Elevating nature: Nathan King’s works connect with the landscape.

IT’S summertime: a time to experience the beach, the sea and the bush on the Mornington Peninsula. And, this summer, Lamppost Gallery, Mt Eliza, offers another way to connect with the Australian landscape.

It’s Still Life is an exhibition of sculptures by artist, writer, TV producer and actor Nathan King, whose art explores states of being in the natural world. A leaf becomes a skeleton and a sea anemone becomes a shell-casing …

Following these shifts and changes in natural forms, King’s work explores nature, its diversity and transience. Discarded, fallen and forgotten remnants of nature are salvaged and assembled into sculptural forms to accentuate the connections, reflections and relationships of each thing to everything else.

The shape, colour, form and movement in one object is found reflected in another, as if they are related and yet they may be a rock, twig, seed pod, or a shell. When assembled together, the interconnectivity in nature becomes clear.

“I create these sculptures to elevate nature in our eyes,” King said.

“The spirit of being is expressed in such a variety of manifestations that there is a certain sense of wonder for me. I think that we can all too easily forget that sense of awe and wonder as we live in our urbanised, contemporary world.

“A lot of art reflects our own clever abilities and skills in rendering the natural world in one medium or another. We risk losing our connection to the spirit and energies of the natural world in our rush to impress our own capabilities.

“These remnants and objects have a history of being – they are not what they once were, their present state is merely a reflection of their original form. Of course, they haven’t stopped ‘being’ – the spirit of their existence has just shape-shifted into another form.

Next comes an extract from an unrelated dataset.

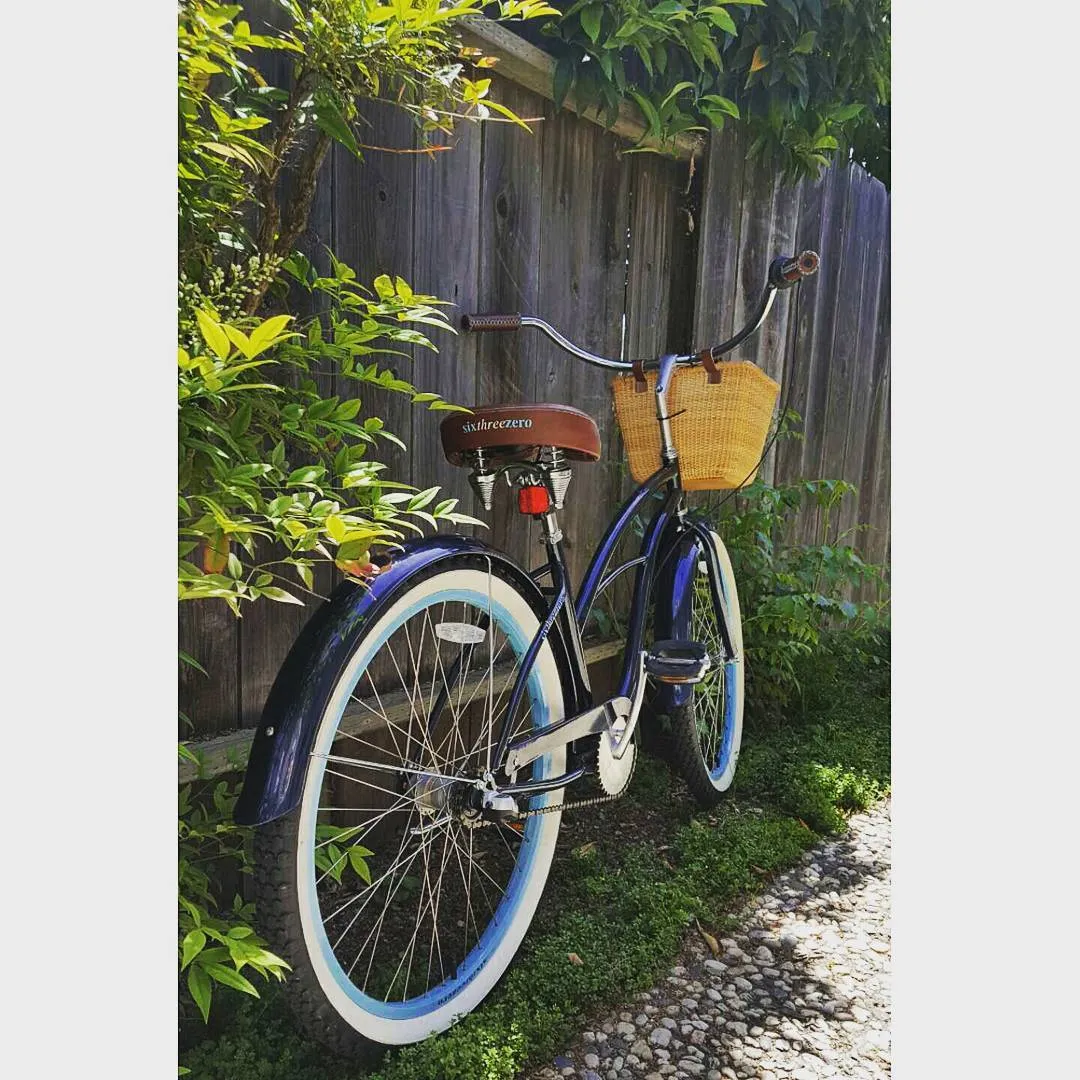 sixthreezero Classic Edition Single Speed Women's Beach Cruiser Bike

“This is a reminder to us about the changing nature of existence. Neither is better than the other – it’s just a different state of existence. These sculptures remind me that that is so.”

King was brought up in London and knew nothing of the natural world until he discovered the “wondrous Australian landscape”.

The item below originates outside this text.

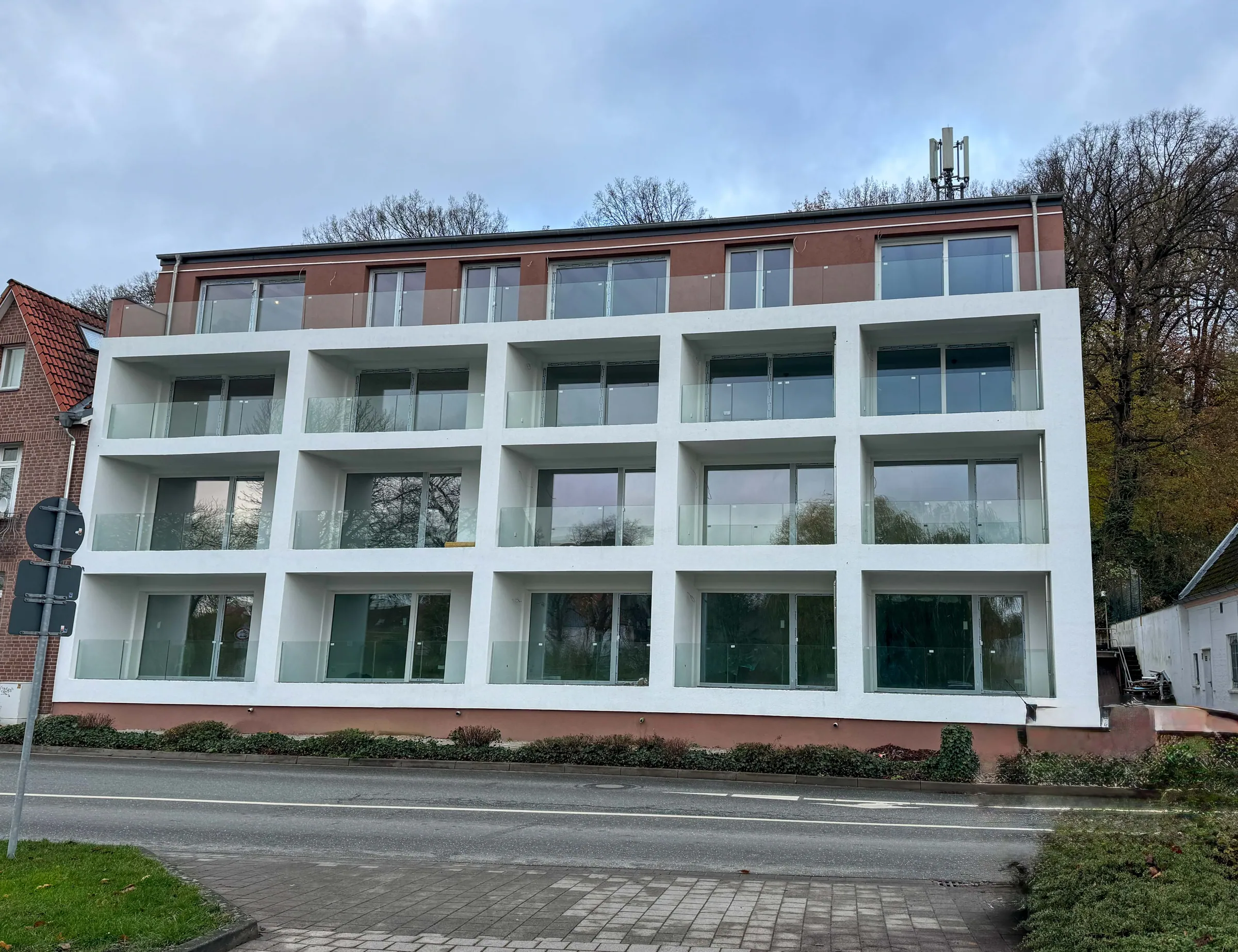 Mehrfamilienhaus in Mölln - Referenz für Fenstermontage in Mölln, S-H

“I have never lost that profound sense of shift and change it brought into my worldview and my life,” he said. “It dramatically shifted my sense of self. I would like to impart something of that understanding to others through my artwork.”

It’s Still Life opens 7-9pm, Friday 5 February, at Lamppost Gallery in the foyer of St James the Less Church, corner Nepean Highway and Koetong Pde, Mt Eliza. It runs until 28 February. Gallery hours are noon-4pm Wednesday to Sunday.